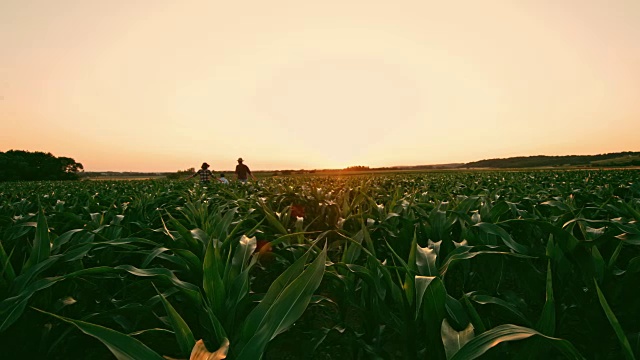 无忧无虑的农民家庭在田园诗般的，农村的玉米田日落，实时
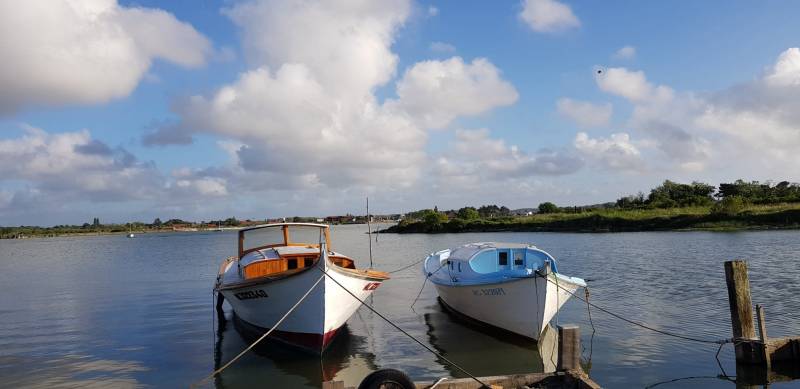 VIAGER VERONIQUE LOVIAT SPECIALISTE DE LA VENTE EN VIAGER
* * *
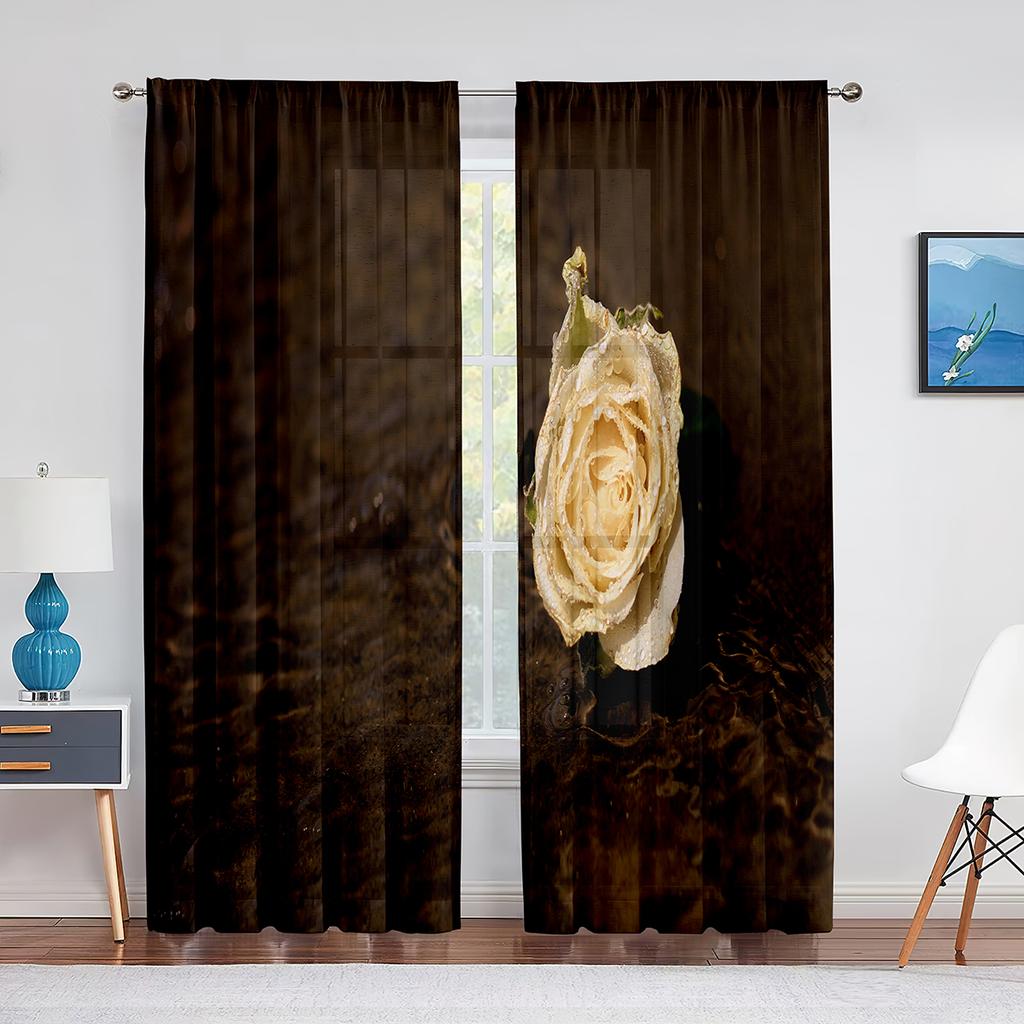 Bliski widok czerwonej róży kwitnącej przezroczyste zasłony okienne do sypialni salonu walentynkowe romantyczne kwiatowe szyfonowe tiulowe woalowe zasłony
==
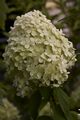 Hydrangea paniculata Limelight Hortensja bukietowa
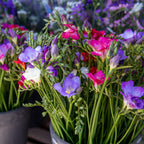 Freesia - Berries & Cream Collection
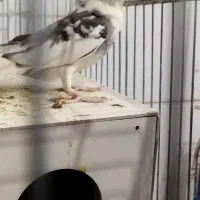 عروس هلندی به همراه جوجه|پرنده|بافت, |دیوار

* [EXERCISE INSTRUCTIONS]: Would you print exactly the lines in the listing above, from the line bearing "无忧无虑的农民家庭在田园诗般的，农村的玉米田日落，实时" through the line bearing "VIAGER VERONIQUE LOVIAT", leaving out all pictures?

* [SOLUTION FOR THIS TASK]:
 无忧无虑的农民家庭在田园诗般的，农村的玉米田日落，实时
 VIAGER VERONIQUE LOVIAT SPECIALISTE DE LA VENTE EN VIAGER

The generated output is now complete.